11. Het voorgaande kleurt ook de overlast die de onderhavige APV-bepaling als "maatregel tegen overlast" bedoelt tegen te gaan. Die overlast is gekoppeld aan de ordening die ter plaatse in het maatschappelijk leven is aangebracht, aan de objectieve bestemming die de openbare ruimte op een bepaald moment heeft. Een voorbeeld kan dit verduidelijken. Als op het Lange Voorhout een manifestatie wordt georganiseerd om de Koningin (of wat misschien minder denkbaar is: de plaatselijke voetbalclub die net kampioen is geworden) toe te juichen, dan vormt de geluidsoverlast die dat gejuich voor de omwonenden oplevert, geen verstoring van de openbare orde. Zou daarentegen sprake zijn van een plechtigheid waarbij de gevallenen uit de tweede wereldoorlog worden herdacht, dan vormt het maken van lawaai wél een verstoring van de openbare orde.

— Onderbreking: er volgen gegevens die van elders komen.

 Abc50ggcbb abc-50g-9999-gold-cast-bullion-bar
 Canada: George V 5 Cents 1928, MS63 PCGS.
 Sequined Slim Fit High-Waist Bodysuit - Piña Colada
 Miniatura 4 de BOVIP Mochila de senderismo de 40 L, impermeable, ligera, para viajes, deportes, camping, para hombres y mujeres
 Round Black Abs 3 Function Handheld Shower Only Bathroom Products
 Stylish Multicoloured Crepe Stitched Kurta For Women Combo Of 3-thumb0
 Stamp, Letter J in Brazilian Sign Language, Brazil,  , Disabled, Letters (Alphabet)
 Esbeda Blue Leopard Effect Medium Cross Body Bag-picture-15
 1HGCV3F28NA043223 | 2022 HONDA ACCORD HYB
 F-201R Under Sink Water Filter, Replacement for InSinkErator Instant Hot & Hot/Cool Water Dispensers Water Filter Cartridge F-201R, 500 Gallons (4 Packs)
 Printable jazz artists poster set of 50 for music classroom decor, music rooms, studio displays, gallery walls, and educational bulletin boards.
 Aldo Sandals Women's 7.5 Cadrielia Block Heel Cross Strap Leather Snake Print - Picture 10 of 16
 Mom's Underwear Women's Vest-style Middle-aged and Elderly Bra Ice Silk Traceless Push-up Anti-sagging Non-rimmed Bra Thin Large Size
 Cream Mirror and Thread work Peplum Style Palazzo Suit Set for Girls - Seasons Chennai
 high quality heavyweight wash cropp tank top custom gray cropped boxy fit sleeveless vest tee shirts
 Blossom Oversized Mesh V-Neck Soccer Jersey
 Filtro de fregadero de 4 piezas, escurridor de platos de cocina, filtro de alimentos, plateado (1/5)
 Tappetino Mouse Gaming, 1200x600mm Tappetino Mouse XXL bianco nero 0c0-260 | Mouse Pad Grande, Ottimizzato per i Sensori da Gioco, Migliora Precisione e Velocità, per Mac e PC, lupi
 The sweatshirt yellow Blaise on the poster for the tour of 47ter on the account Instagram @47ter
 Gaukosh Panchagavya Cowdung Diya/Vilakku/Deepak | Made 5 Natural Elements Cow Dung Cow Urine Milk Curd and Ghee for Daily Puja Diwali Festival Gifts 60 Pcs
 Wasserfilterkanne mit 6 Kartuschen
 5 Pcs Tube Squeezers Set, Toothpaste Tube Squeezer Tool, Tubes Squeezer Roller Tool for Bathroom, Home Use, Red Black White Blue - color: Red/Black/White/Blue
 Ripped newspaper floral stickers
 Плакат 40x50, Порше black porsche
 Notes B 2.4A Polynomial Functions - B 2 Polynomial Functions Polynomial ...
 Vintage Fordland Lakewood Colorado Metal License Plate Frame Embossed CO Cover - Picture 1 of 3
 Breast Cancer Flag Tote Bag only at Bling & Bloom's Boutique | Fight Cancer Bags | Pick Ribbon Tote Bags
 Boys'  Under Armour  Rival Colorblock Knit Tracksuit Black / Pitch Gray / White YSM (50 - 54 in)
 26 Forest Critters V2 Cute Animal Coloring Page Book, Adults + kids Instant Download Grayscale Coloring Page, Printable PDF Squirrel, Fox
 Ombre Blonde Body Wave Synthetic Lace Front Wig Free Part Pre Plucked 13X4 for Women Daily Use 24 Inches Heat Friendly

12. Bij deze uitleg van de verbodsbepaling kan het artikel geen basis bieden voor de vervolging en veroordeling van gedrag enkel omdat het publiek daaraan aanstoot neemt of omdat het de autoriteiten onwelgevallig is. De normale gang van het maatschappelijk leven in de openbare ruimte vereist veeleer dat daarin plaats is voor een zekere pluriformiteit. Er moet met andere woorden als regel juist ruimte zijn om zich als burger in kleding en gedrag, in woord en gebaar van de grijze massa te onderscheiden. Het in het openbaar uiten van onwelkome meningen kan daarom, mede gezien in het licht van art. 7 Grondwet en art. 10 EVRM, niet snel als een verstoring van de orde worden aangemerkt. In het genoemde arrest (NJ 1967, 58) was bewezenverklaard dat de verdachte, toen de kroonprinses met haar echtgenoot in een rondvaartboot voorbij voer, voor het oog van alle toeschouwers een grote witte lap uit het raam had gehangen met daarop de in kapitale letters aangebrachte tekst: "Republiek". Volgens de Hoge Raad kon niet bewezen worden dat de openbare orde door het uithangen van de lap was verstoord.(2)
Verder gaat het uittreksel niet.